Second PC-24 Flies

Before we get started, I have to admit that I'm a big fan of Pilatus aircraft. Though it may appear otherwise, I, sadly, won't get paid a dime to write any of this.

That said, I'm very happy to report that the second PC-24 prototype just completed its first flight. What, you haven't heard about the PC-24? I can't fault you - Pilatus hasn't been as vocal about it as they could. I don't think they need to though. The PC-24 starts with the capabilities and credibility that Pilatus built with the PC-12 and takes them to the next step in a logical progression. This isn't just an incremental improvement like next year's iPhone though. The PC-24 is a revolution in both the idea of utility business aviation and small jet capability.

I have about 2200 hours in Pilatus' current leading business aircraft, the PC-12. I also have a few hundred hours in the T-6A, which is the Pilatus PC-9M licensed to Beechcraft (uh Raytheon, uh...Cessna now?) The T-6A is more fun than should be legal. It's powerful, maneuverable, efficient (for a military jet-esque trainer) and relatively comfortable.

As good as the T-6A/PC-9 is, the PC-12 is a masterpiece. It firmly holds an important spot in the business aircraft of the world.

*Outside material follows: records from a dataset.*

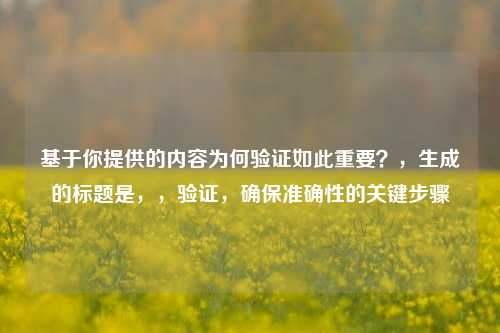 基于你提供的内容为何验证如此重要?,生成的标题是,,验证,确保准确性的关键步骤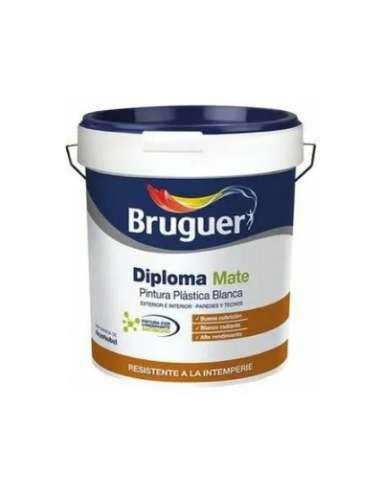 BRUGUER PINTURA PLASTICA DIPLOMA GRIS SALVAMENTO 25KG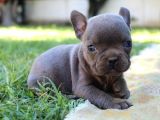 Blue French Bulldog Yavrular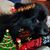 Heather Hubbard-McNutt's profile image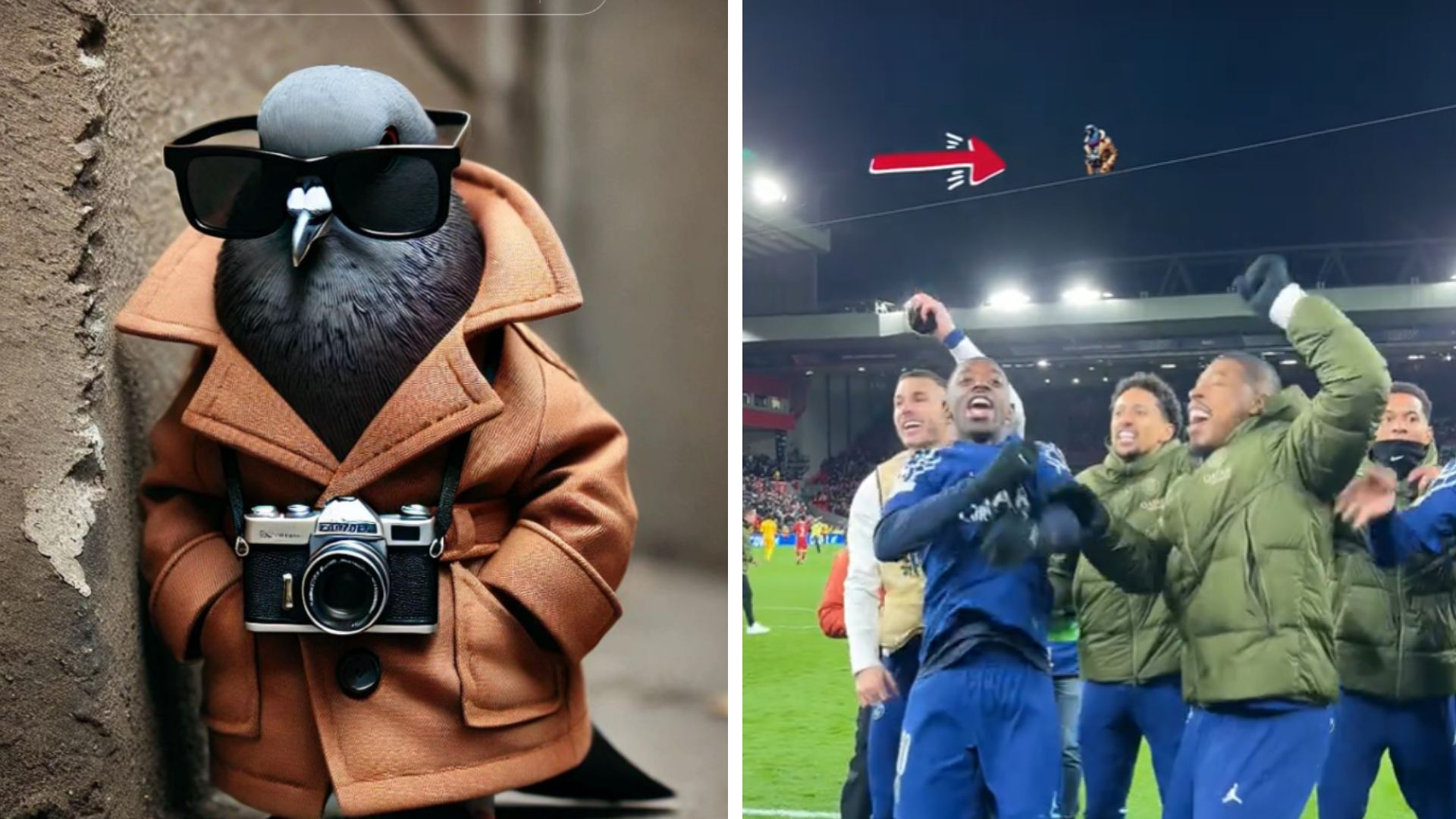 Spijuniro Golubiro (Balkan Brainrot) Meme Template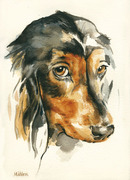 Hundeportrait Dackel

  • Sure, the TBM-900 is faster, but it achieves that speed by packing its passengers into a fuselage that feels like a sardine can.
  • The Beechcraft King Air has a second engine and can carry more. However, for the extra expense of that second engine, the interior is still cramped compared to the PC-12.
  • You can go a lot faster than a PC-12 in one of Embraer's line of executive jets, a member Cessna's Citation family, or even the One Aviation Eclipse 550. However, you'll pay more, burn a lot more fuel in a pair of turbofan engines, and you'll have a tiny aircraft only capable of carrying a few passengers.

The PC-12 competes so well in a market filled with all these other aircraft because it's able to provide the fit & finish of a nice business aircraft with the utility of an SUV. Sure, the King Air can handle some unimproved fields, but it wasn't designed for them from the ground up like the PC-12 was. I can tell you from experience that the PC-12 is a great aircraft for "unprepared surfaces." It has an enormous cargo door and lots of interior space. I've heard stories of owners using the PC-12 to transport snowmobiles, motorcycles, and a yard-worth of sod for their private island. None of the PC-12s competitors can match its utility.

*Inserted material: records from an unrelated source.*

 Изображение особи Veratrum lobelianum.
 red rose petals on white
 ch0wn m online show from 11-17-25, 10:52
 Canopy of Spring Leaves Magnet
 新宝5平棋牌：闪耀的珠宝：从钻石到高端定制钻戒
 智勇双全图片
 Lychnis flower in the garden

  • To be fair, let's mention that the Cessna C-208 Caravan is a great utility aircraft. It does a great job of landing at unimproved surfaces and can carry a lot. It's not pressurized though and it's even slower than the PC-12.
  • I've also flown the Pacific Aerospace XSTOL P750. It was a riot to fly and offers utility comparable or superior to the C-208, but it has the same shortcomings compared with the PC-12.

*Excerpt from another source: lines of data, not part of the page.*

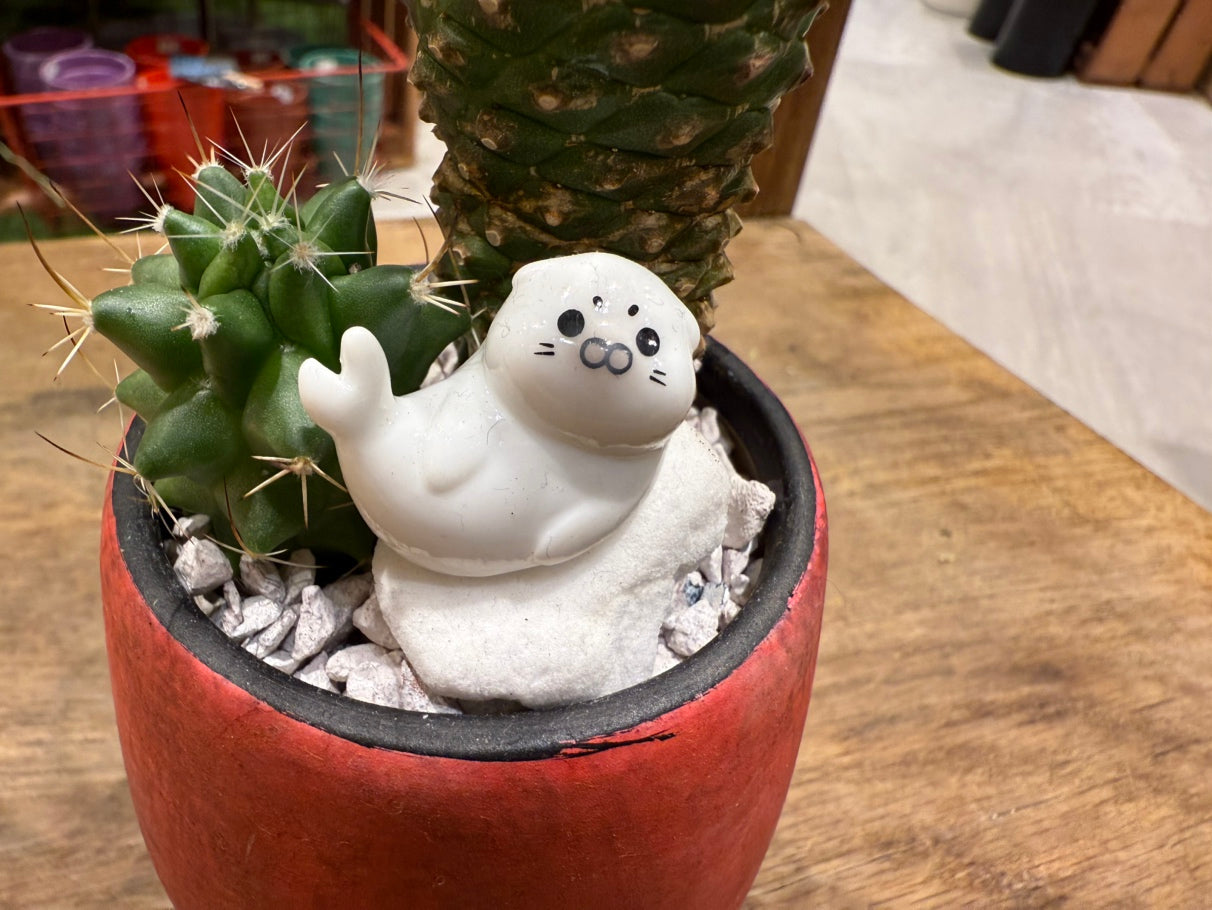 [Cactus] Animal Planting, Small Size | Houseplant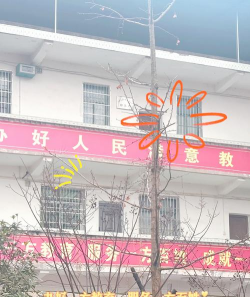 阳新县龙港镇列宁完全小学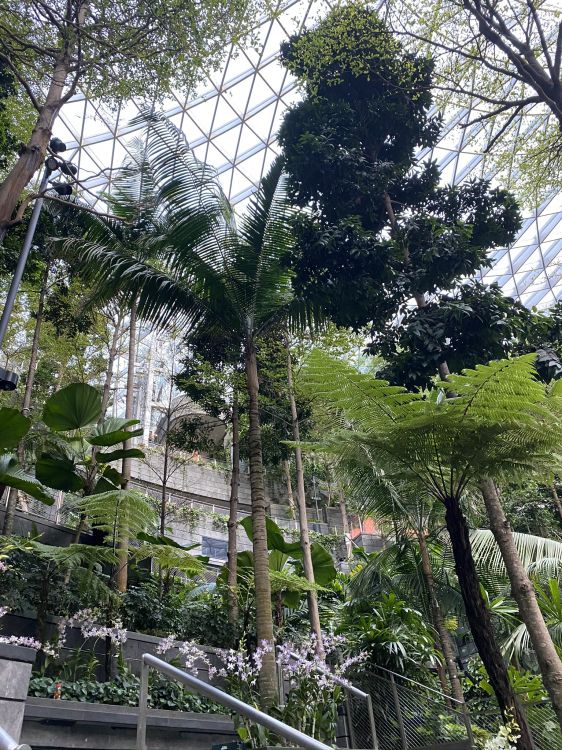 Planta, Biología, Ciencia, la Botánica, Planta Leñosa. Wallpaper in 1536x2048 Resolution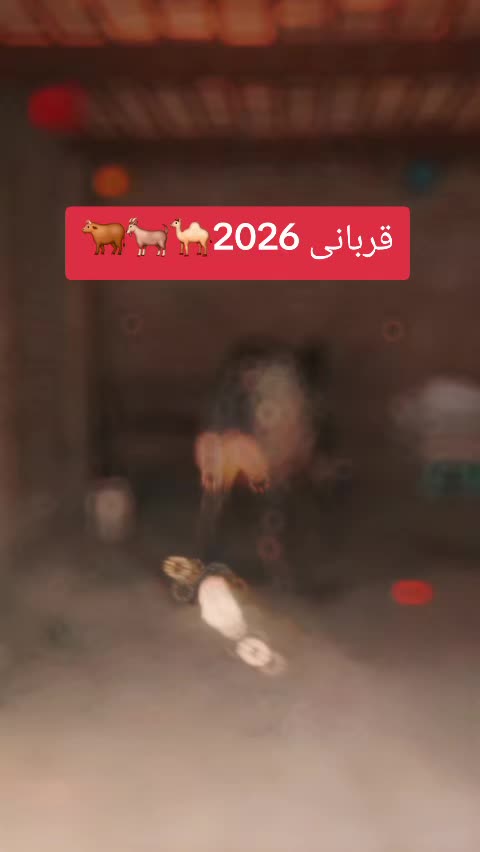 @MIRZA✔️🫣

Possibly the only valid complaints about the PC-12 were that it isn't fast and that it didn't have a second engine in case the first one failed. While neither seems to have been a major problem, it's obvious that plenty of potential customers have placed speed or redundancy before utility over the years. Pilatus noticed...and now they're developing the PC-24.

Just like the PC-12, the PC-24 is being developed first and foremost as a utility aircraft. It's designed to operate on less than 3000 feet of dirt. It has a large cargo door, much like its predecessor. Unlike all of Pilatus' previous aircraft though, the PC-24 is a twin turbofan offering speed, comfort and redundancy to match or exceed most of the PC-12's competitors.

This is revolutionary. There isn't another twin jet on the market designed for regular dirt operations. Pilatus claims that the PC-24 will be capable of operating from 21,000 airports worldwide. Many of these will be dirt or grass fields throughout the world that, until now, couldn't hope to operate anything faster than a PC-12. Being able to fly a PC-24 out of these airfields will make it possible to travel faster and farther from these places than ever before. From air ambulance, to business travel in developing nations, to military applications, the PC-24 will change the speed of utility aviation.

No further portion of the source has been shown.